Aqua Security last week acquired Argon, putting together Aqua’s build platform with Argon’s supply chain security capability.

SC Media caught up with Dror Davidoff, co-founder and CEO of Aqua Security to discuss the acquisition, how the cloud has changed development work, what Aqua really means when they talk about a cloud native application protection platform (CNAPP), and the importance of software supply chain security.

What are the challenges around cloud security that Aqua Security aims to solve?

Everyone is moving to the cloud today and in so doing, adopting cloud-native technologies. This requires a different way of securing the environment. It’s not only brought about new technologies, but an interesting opportunity to do security different and better than it used to be on-premises. In the cloud-native world, everything is connected and sits on the CI/CD pipeline. So development, staging, and the infrastructure is integrated and connected. In the build stage, we focus on the following three areas:

  • Development cycle: Helping developers build the environment in a secure manner.
  • Infrastructure: Define which cloud the app runs on, the type of service, and the underlying infrastructure.
  • Runtime controls: Makes sure what’s running in the environment is what’s supposed to be running.

We are one of the only platforms that connect the dots. Aqua gives users a good risk assessment into an environment. It also can detect and prevent malicious activity. By integrating all three, we offer a cloud native application protection platform, a CNAPP, the integration of development, infrastructure and runtime control. We believe that’s the right way to secure a cloud environment.  

Can you explain Argon’s approach to supply chain security?

In today’s world, software development works very much like an assembly line. Developers pull different snippets of code from different sources. From open source repositories, third-party repositories, even reused components that were built within the organization. The CI/CD pulls pieces of code from different sources and uses them in the development cycle. So Argon processes, secures, and verifies the code, answering the following questions: Who has access? What kind of code was brought in? Where does it come from? Is it certified? And once the code is brought in, is it secure enough so nobody can tamper with it?

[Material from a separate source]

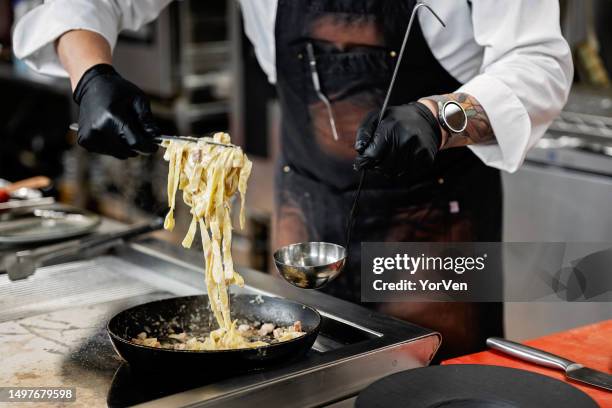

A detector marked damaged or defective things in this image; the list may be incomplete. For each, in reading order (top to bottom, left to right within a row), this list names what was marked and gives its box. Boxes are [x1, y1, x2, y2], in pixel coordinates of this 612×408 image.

bent black metal rod [344, 3, 444, 252] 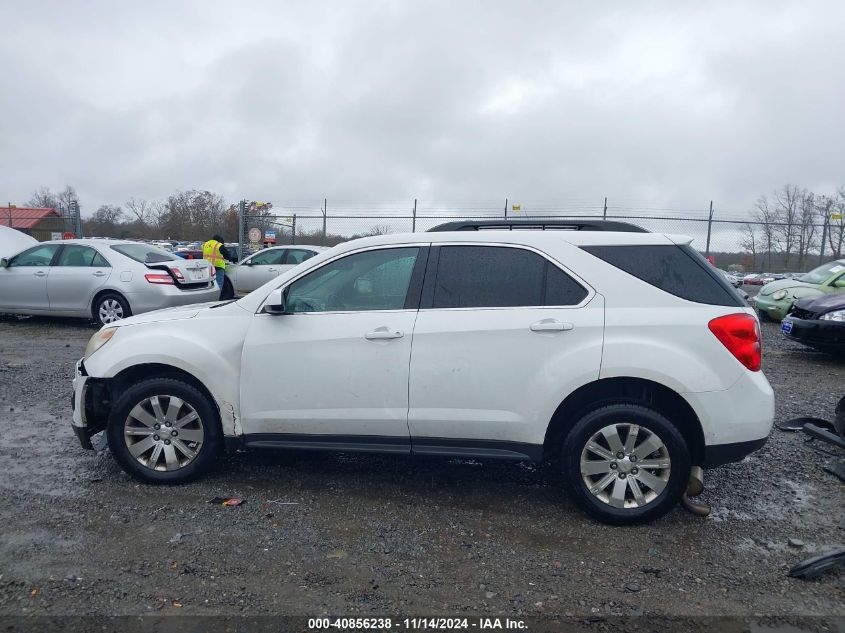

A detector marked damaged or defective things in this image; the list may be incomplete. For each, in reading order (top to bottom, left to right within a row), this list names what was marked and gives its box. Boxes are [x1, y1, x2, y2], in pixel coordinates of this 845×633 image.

damaged front bumper [71, 360, 109, 450]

Argon looks at the supply chain of code, making sure the supply chain is secure and certified so at the end of process when the image gets made, the developers know it’s in compliance with the company’s enterprise policies.

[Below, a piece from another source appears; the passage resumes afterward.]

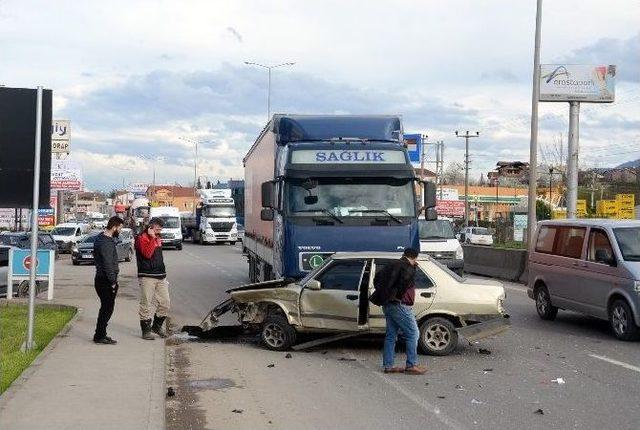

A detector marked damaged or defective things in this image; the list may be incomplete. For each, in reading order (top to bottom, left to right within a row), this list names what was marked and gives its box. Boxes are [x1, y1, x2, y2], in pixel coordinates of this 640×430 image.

damaged sedan car [196, 252, 510, 356]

How has the rise of the cloud and the data explosion changed DevOps?

There’s a lot of autonomy today and the world has become much more open and democratic. Developers have access to many more pieces of code. So in this new world, how do we secure the pipeline? Who has access? What are the plug-ins. What are the snippets of code they bring in? And do they do it in a secure and controlled way? This presents a very new problem, an issue that has received increased attention because of painful supply chain attacks like SolarWinds and CodeCov. People are now aware that this is a serious weakness in their security posture.

Why was Argon the right acquisition for Aqua Security?

Argon started 15 months ago and came up with a way to integrate into the pipeline and secure the entire process. When we looked into them, we saw they had great technology and a great idea. It was a natural extension of what we were doing at Aqua. It made perfect sense from a product perspective. It was also a good cultural match so we decided to join forces. This moves gives us an edge. We now have a very unique differentiator in being able to manage both the build stage and the software supply chain.